Our recently announced increased benefits and services are evidence of our commitment to ensuring that Canadian veterans and their families are treated with care, compassion, and respect. It is through these new measures, which are included in economic action plan 2015, that we are demonstrating the importance we place on being there for our brave men and women when they need us most.

These new benefits and services we are proposing take significant strides in improving the new veterans charter. We are moving to better support families and caregivers, those who play such a vital role in the transition process. We are respecting reservists. The purpose clause in Division 17 of Bill C-59, the economic action plan 2015 act, which my colleagues have discussed, demonstrates our government's duty and commitment to veterans. It is an ongoing commitment.

I encourage all colleagues to listen to the debate today and recognize that the measures our government is introducing would enhance the lives of those who have served our nation. It is not only about supporting those who have served, it is also about supporting their families.

We recognize the vital role the families play in the lives of the men and women in uniform and how veterans' health issues can impact those who stand by them. We understand the important role those who stand beside Canada's veterans play in their recovery and well-being.

I would like to highlight the action we have taken to support families and caregivers.

We recognize that the family caregivers of Canada's veterans play a large supporting role in providing those who have served with the care they need and deserve, which is why I am pleased to tell the House about a new benefit our government has introduced to help relieve some of the burden facing the families of those who are severely injured. A serious physical or mental injury causes not only immense challenges for the serviceman or woman but serious stress and strain on their families. Our government has proposed a new family caregiver relief benefit to provide an annual tax-free grant of $7,238. Family members who help with the care of the most seriously injured veterans can have the added flexibility of getting relief during times of added stress on the family or even help to recharge their batteries, if that is what needs to happen.

Today Veterans Affairs already pays for in-home medical care for the most severely injured veterans. This funding would be in addition to other VAC benefits already in place to support veterans' daily needs. It is a recognition of their sacrifice and the sacrifice of their families. It tops things up just a bit and makes things a little easier.

This benefit is for caregivers in the home—spouses, common-law partners, parents, or adult children—who often try to juggle raising children or family duties alongside assisting their injured loved ones. Their own careers are often sidetracked or reduced, and often their own health and wellness can be impacted when there is an injured veteran at home. This new benefit recognizes their important work and would provide them with a little extra flexibility.
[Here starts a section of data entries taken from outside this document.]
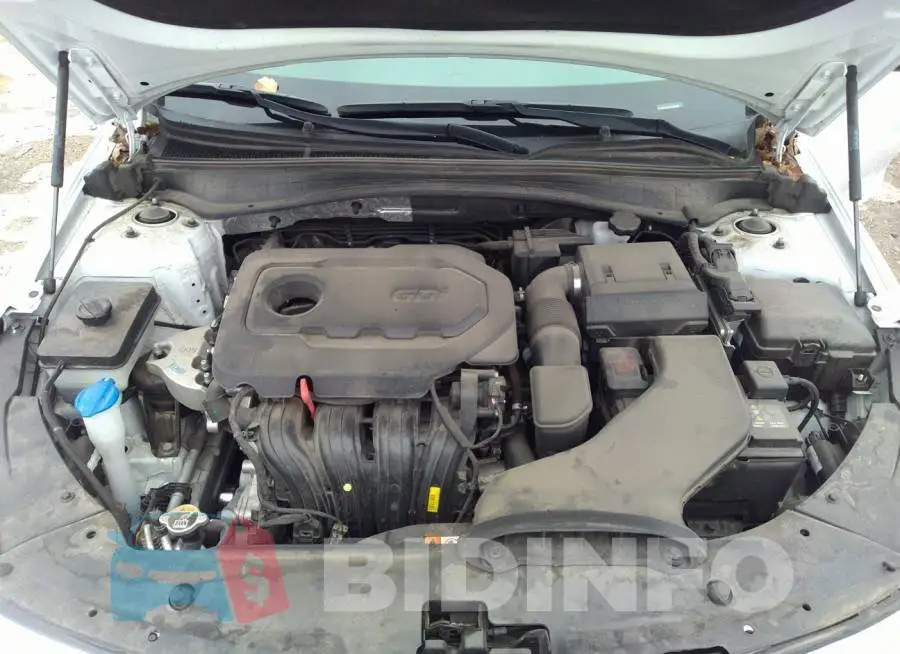 5XXGT4L36KG358983 Photo# 10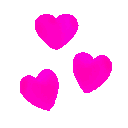 emoji_16 Emote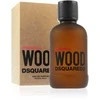 Dsquared2 Original Wood Eau De Parfum Purškiklis, 100 ml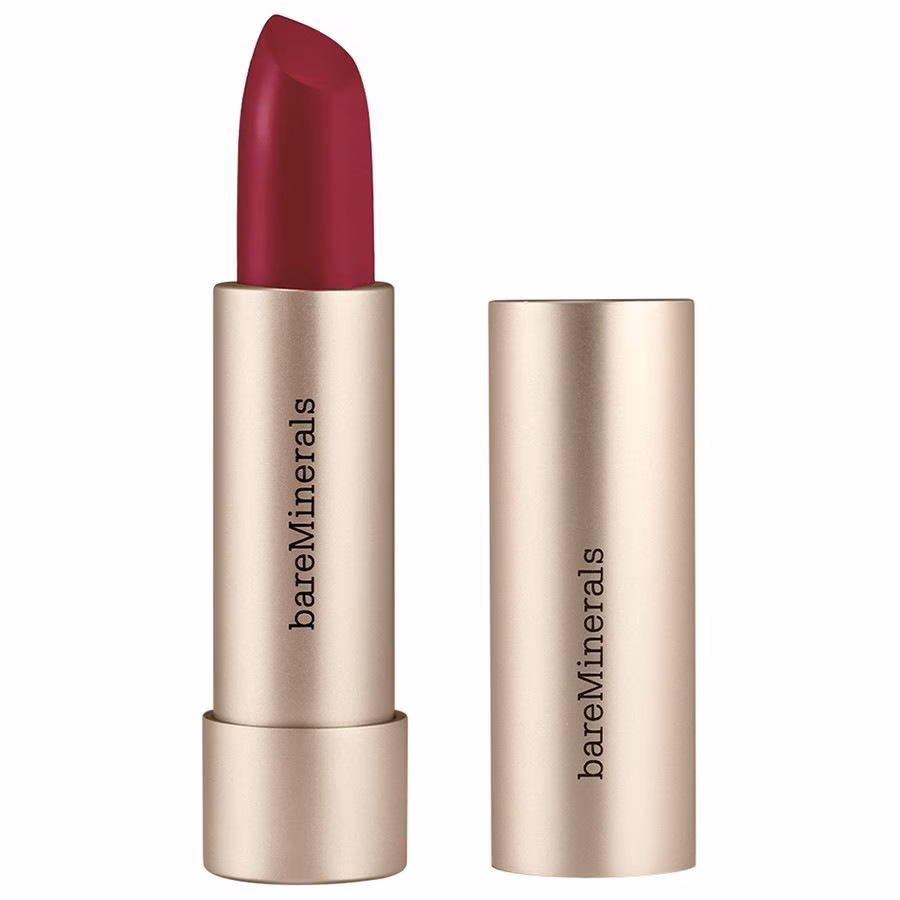 Hydra-Smoothing Lipstick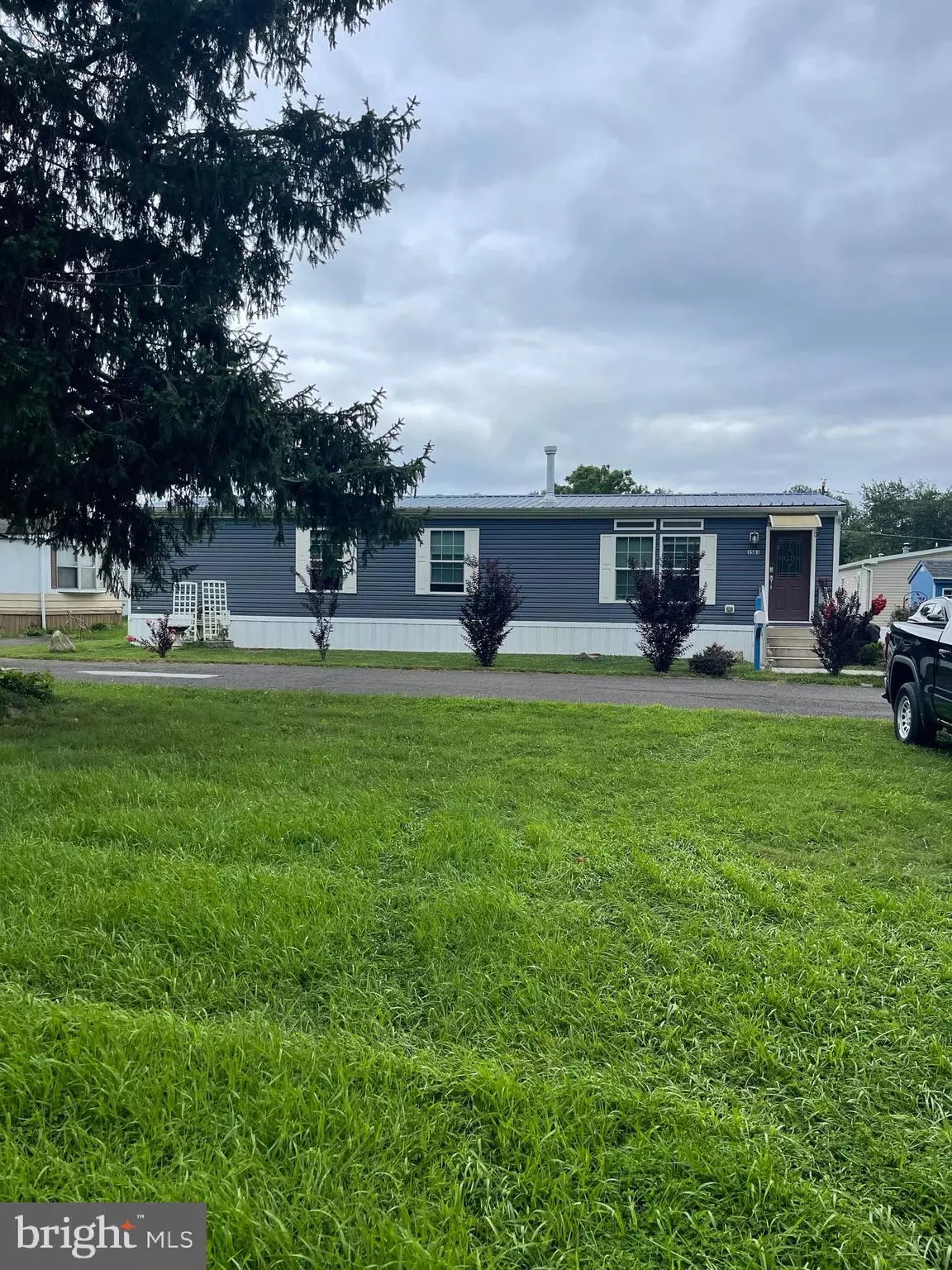 Feasterville Trevose, PA 19053,3581 ASTER AVE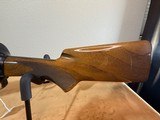1973 Browning Auto-5 12ga Light - MOD barrel - Image 13 of 20
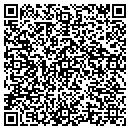 QR code with Originals By Sigrid contacts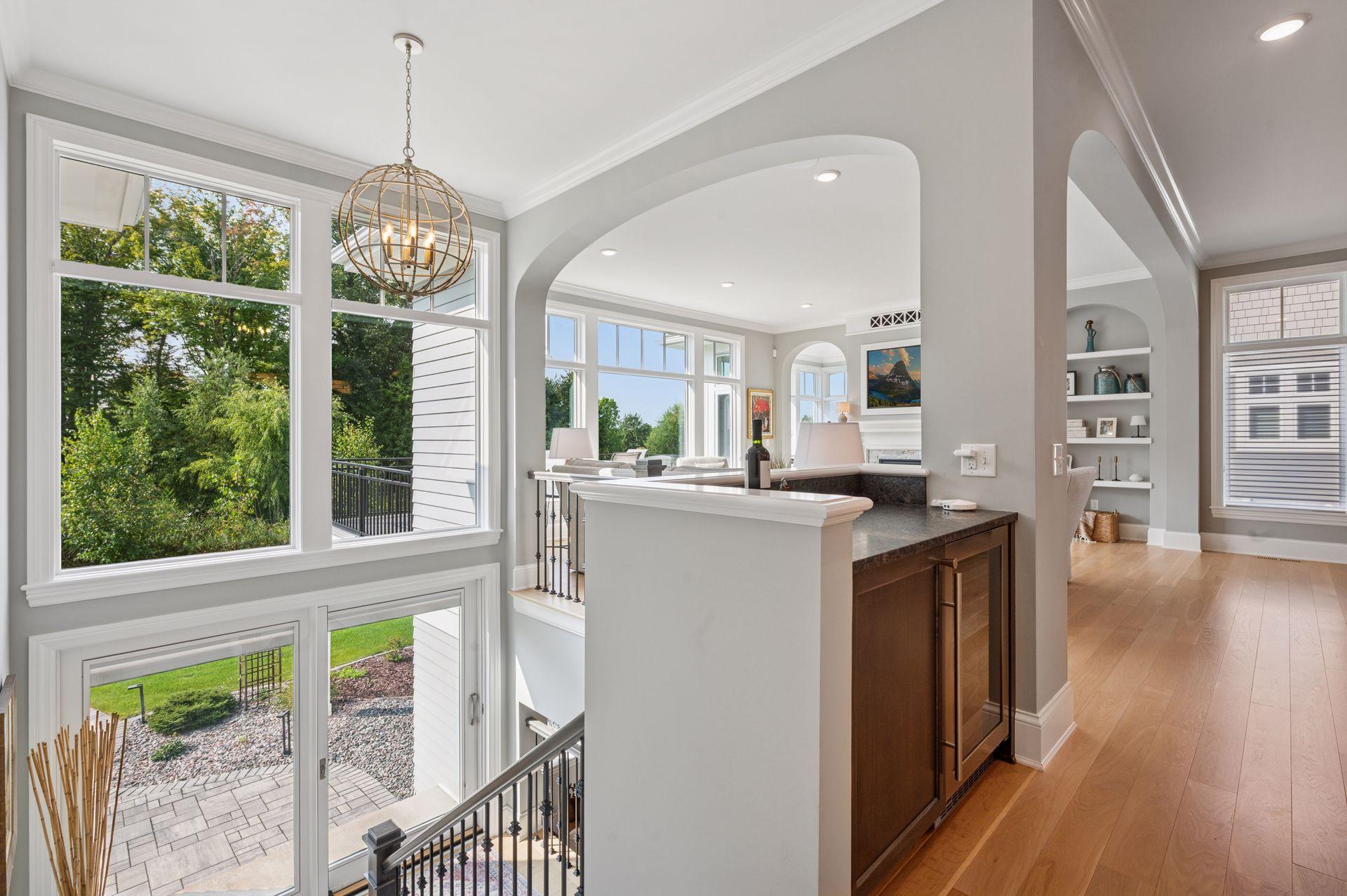 677 Shawnee Woods Road Medina, MN 55340 - Photo 50 of 88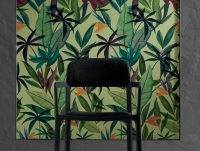 Ceramica Magica Scenari Falburkolat 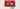 Puzzle photo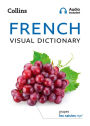 Collins French Visual Dictionary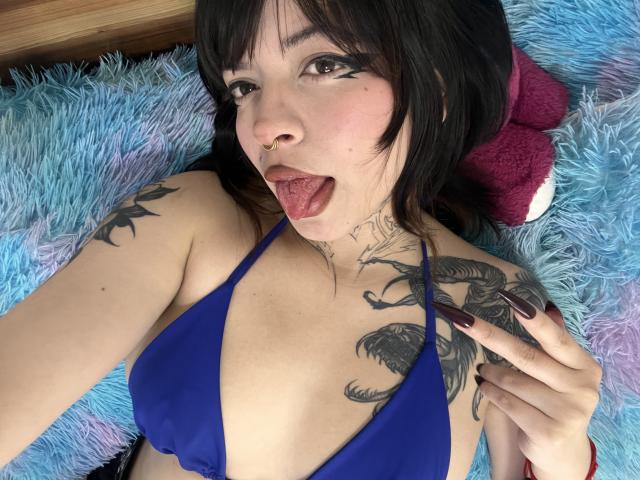 BabeSix - Live porn &amp; sex cam - 30636041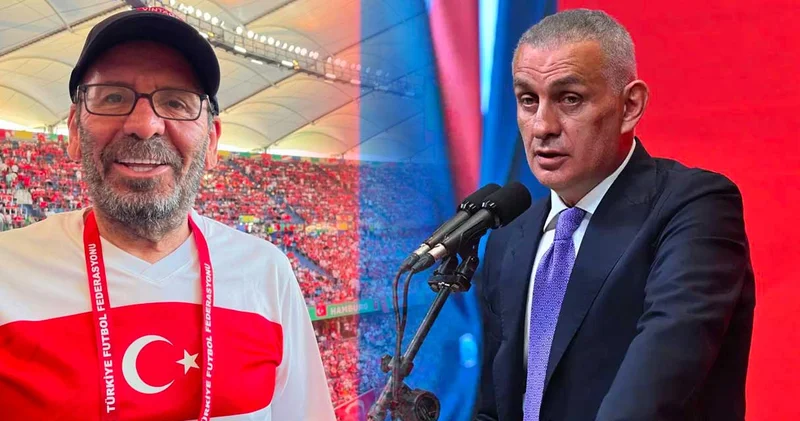 Atilla Türker Hacıosmanoğlu nun işlediği suçu açıkladı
This funding could be used for relief options, such as covering the cost of having a professional caregiver come into the home or covering the cost of another family member or friend travelling to the veteran's home, and it would be provided in addition to other benefits already in place to support veterans' health care needs. It is a supplement. We believe that this would make a tremendous difference for these families.

This recently announced benefit is not the only action we have taken in support of veterans. Last year we announced an increase in the number of psychological counselling sessions for families of veterans from eight to 20 sessions.

We have also invested in research to help us gain a better understanding of the impact operational stress injuries, such as post-traumatic stress disorder, have on the mental health of the spouses and children of Canadian veterans. Post-traumatic stress disorder and other mental injuries have an effect on the whole family, not just on the injured veteran. Research such as this will help us get a better handle on the complex challenges facing today's veterans, their spouses, and their children when it comes to their mental health and their mental well-being. We want to identify possible next steps in this area.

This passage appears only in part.